Getting the university’s systems online again required the IT staff to restore from tape backups. The restore process succeeded, but the university lost access to its core business suite (recruiting, admissions, registration, financial aid, student billing, accounts receivable, accounts payable, and fundraising) for more than 48 hours.

Ideal recovery time is zero
The ideal for IT systems is continuous availability, but it is nearly impossible for systems to be available 100% of the time. Given that some disruptions are unavoidable, the ideal time to recovery and the amount of data lost is zero.

Traditional approaches to backup have never come close to achieving these ideals. It has been either technically impossible or more costly to achieve than it is worth. Thus, business leaders have had to accept some data loss, as defined by RPOs, and some downtime, as defined by RTOs.

The example cited above involved less than 100TB of data. Today, many organizations are storing 10x or 100x that capacity. They have crossed the boundary beyond which the compromises associated with traditional backups are tenable.

Money math is driving changes.
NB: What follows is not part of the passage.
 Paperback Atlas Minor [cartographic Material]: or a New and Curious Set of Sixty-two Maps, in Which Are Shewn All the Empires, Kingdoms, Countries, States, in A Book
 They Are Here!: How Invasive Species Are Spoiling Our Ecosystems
The cost of data loss and downtime is increasing, even as capacity growth and a worsening threat environment make extended downtimes more likely. Responsible IT professionals are exploring alternative approaches and solutions.
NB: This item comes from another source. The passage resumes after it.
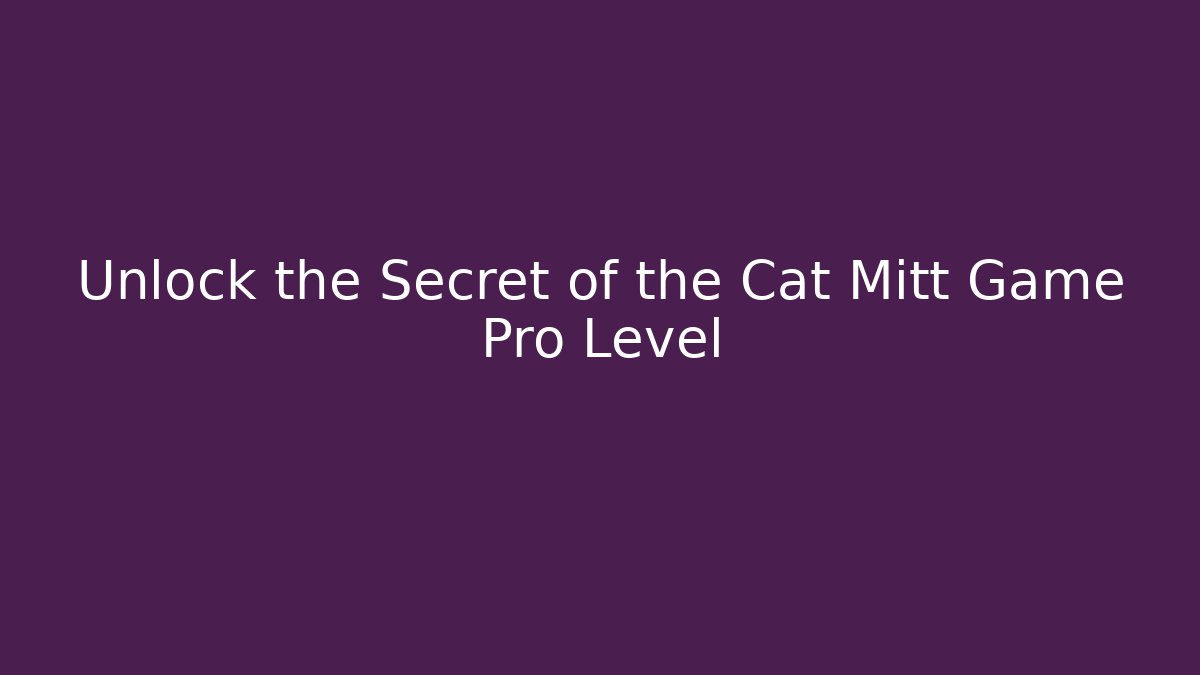 Unlock the Secret of the Cat Mitt Game Pro Level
We need to change our thinking
Happily, new approaches to data protection make it possible to approach the ideal of zero RPO and zero RTO, even at scale. But getting these results requires more than a rearchitecting of enterprise backup infrastructures.
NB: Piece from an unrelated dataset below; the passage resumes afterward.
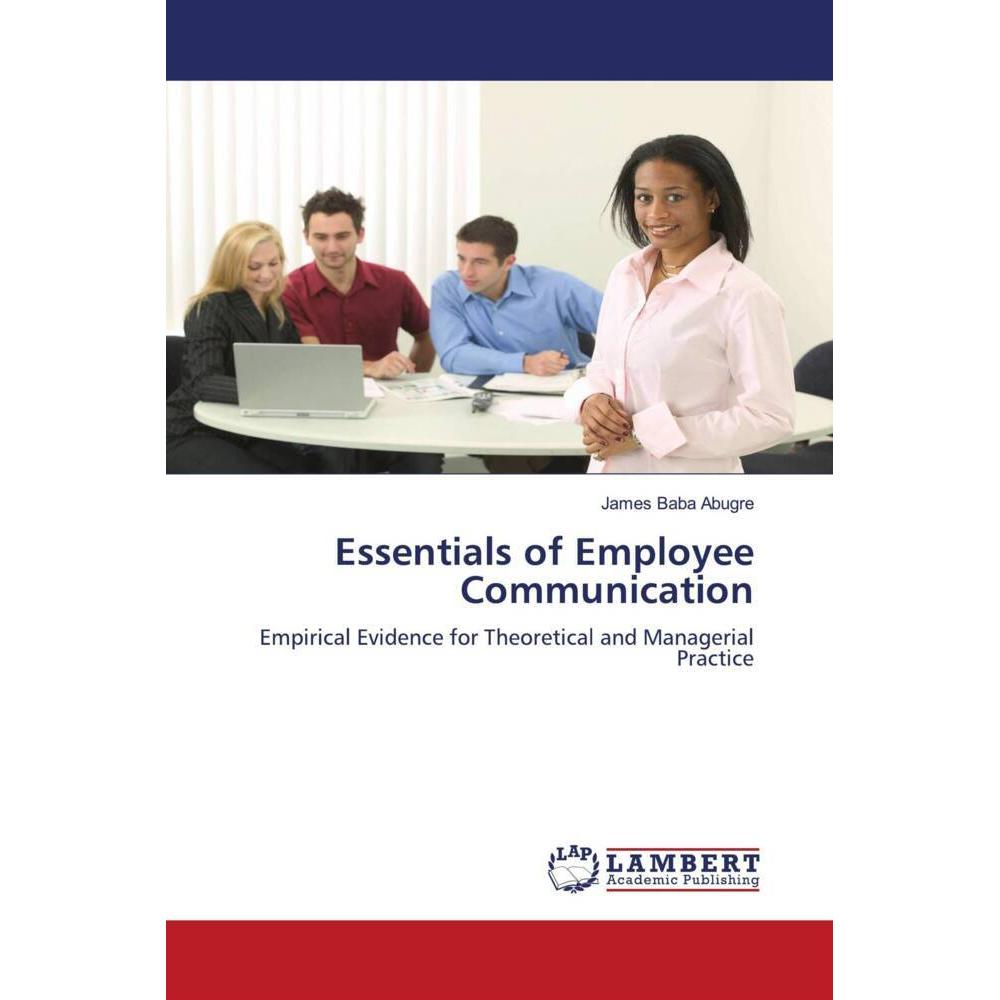 Essentials of Employee Communication, Fachbücher von James  Baba Abugre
It requires a change of thinking:

from storage to data management
from backup and restore to rapid recovery of data and applications to an operational state

Dcig 1670696380

Achieving data resilience at scale also means exploring alternative approaches and solutions that are designed to manage:

billions of files or objects
petabytes or exabytess of data
data spread across multiple storage systems and clouds

Beyond rapid recovery, the next-gen enterprise data platform must enable the business to derive more value from data while reducing business risk. To meet these requirements, the solution must feature the following:

a global namespace enabling global views of the organization’s data, with identity and policy-based access controls
data provenance
global, distributed access that aligns with the needs of a distributed workforce
intelligent data placement and movement so that the data is in the right place at the right time and at the right cost
multi-factor authentication, including approval workflows for administrative actions
multi-protocol data access to enable the data to be processed by any application
policy-based data movement controls, including support for sovereign data regulations
self-service data management tools for end users, application owners, and developers that enables them to continue working without interruption and frees IT from routine data recovery tasks

Achieving data resilience at scale requires new approach to backup and recovery
IT leaders must change their focus from successful backups to successful recoveries. Beyond meeting recovery time requirements, a truly scalable solution must also enable effective self-service for its data users, automated data placement for optimal business results, and enterprise data governance.

The time has come to explore alternative approaches and solutions that are designed to manage data at scale.

Arcitecta is addressing the challenges of data resilience and effective data management at scale. Its Mediaflux product is based on an XML-encoded object database (XODB), initially developed by Arcitecta to meet the data management requirements of research computing organizations. XODB is hyperscale database technology that integrates and operates on rich, arbitrary metadata.

Arcitecta and Mediaflux are proven in demanding at-scale data environments. Jason Lohrey founded Arcitecta in 1998. Arcitecta serves more than 300,000 active users at organizations in the life sciences, research, clinical, geospatial, M&E, and defense industries. Mediaflux users generate multiple petabytes of new data each month and move many petabytes of data for analysis each month … with no data loss or outages exceeding 3mn.